### WHAT YOU NEED TO DO
Repeat exactly the lines of the records below, starting at the line containing "siberia cave" and ending at the line containing "Ft.) - FFRBI1844-36SB". Leave the pictures out.

DATA FOR PROCESSING Block Start

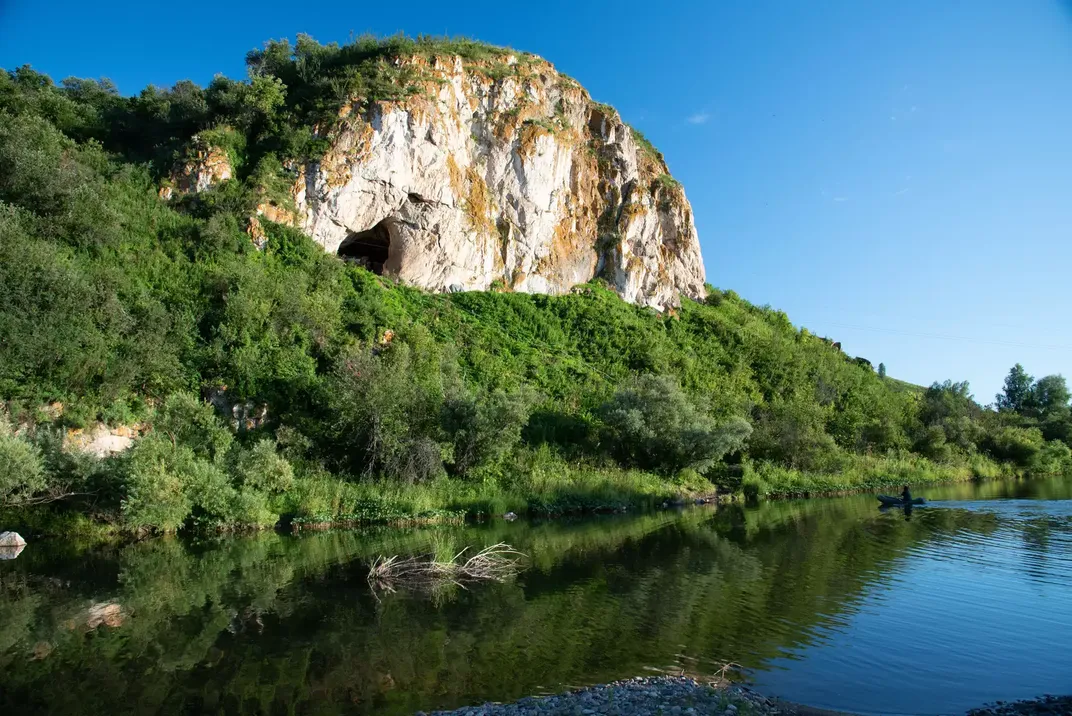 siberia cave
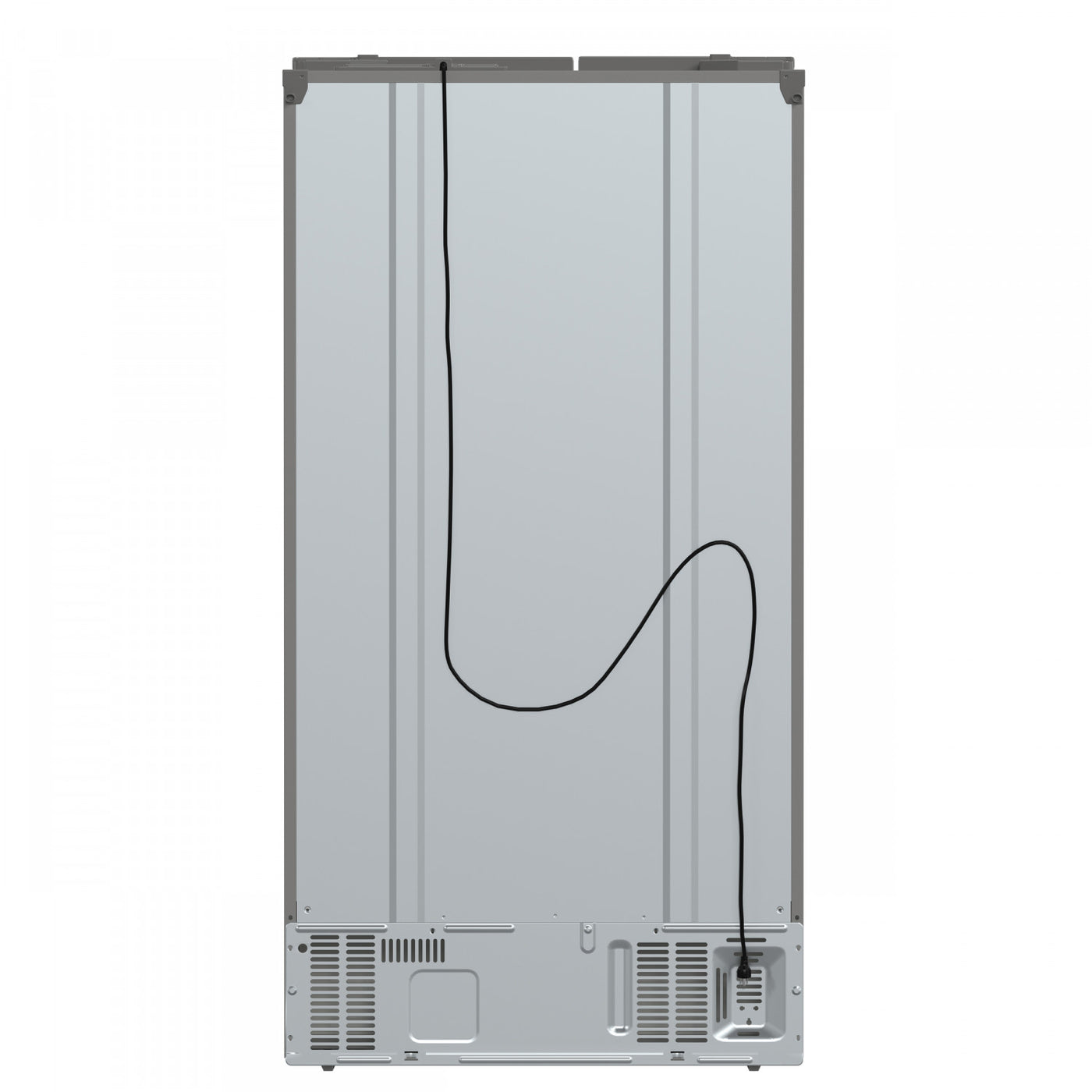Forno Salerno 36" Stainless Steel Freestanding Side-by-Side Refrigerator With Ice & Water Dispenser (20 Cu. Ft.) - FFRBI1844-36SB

DATA FOR PROCESSING Block End
DATA FOR PROCESSING Block Start

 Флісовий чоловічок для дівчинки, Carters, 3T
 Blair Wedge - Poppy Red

DATA FOR PROCESSING Block End

### TASK SOLUTION
 siberia cave
Forno Salerno 36" Stainless Steel Freestanding Side-by-Side Refrigerator With Ice & Water Dispenser (20 Cu. Ft.) - FFRBI1844-36SB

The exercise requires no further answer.